Data shown:
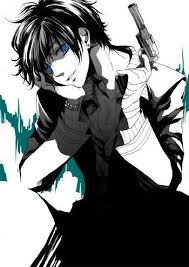 Pin On Anime Guys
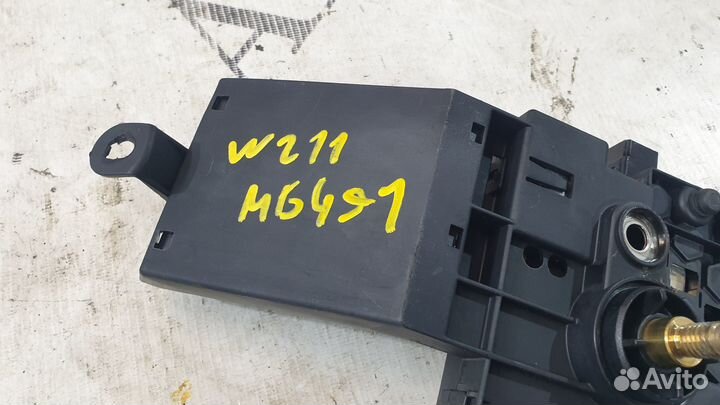 Блок силовых предохранителей Mercedes E-Class W211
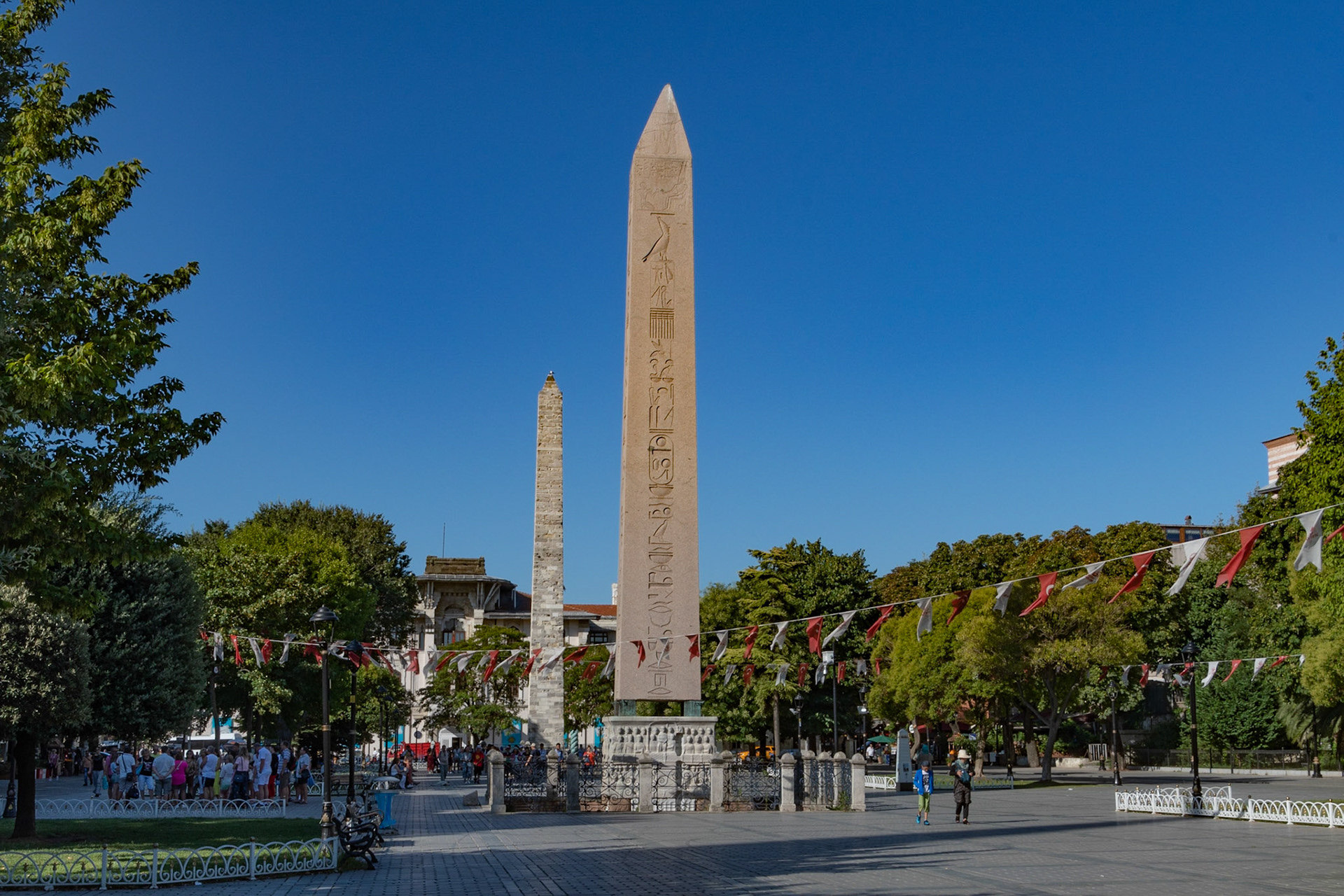 Hippodrome, Istanbul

What to produce: Repeat the data exactly as written, but without the pictures.

Result of this task:
 Pin On Anime Guys
 Блок силовых предохранителей Mercedes E-Class W211
 Hippodrome, Istanbul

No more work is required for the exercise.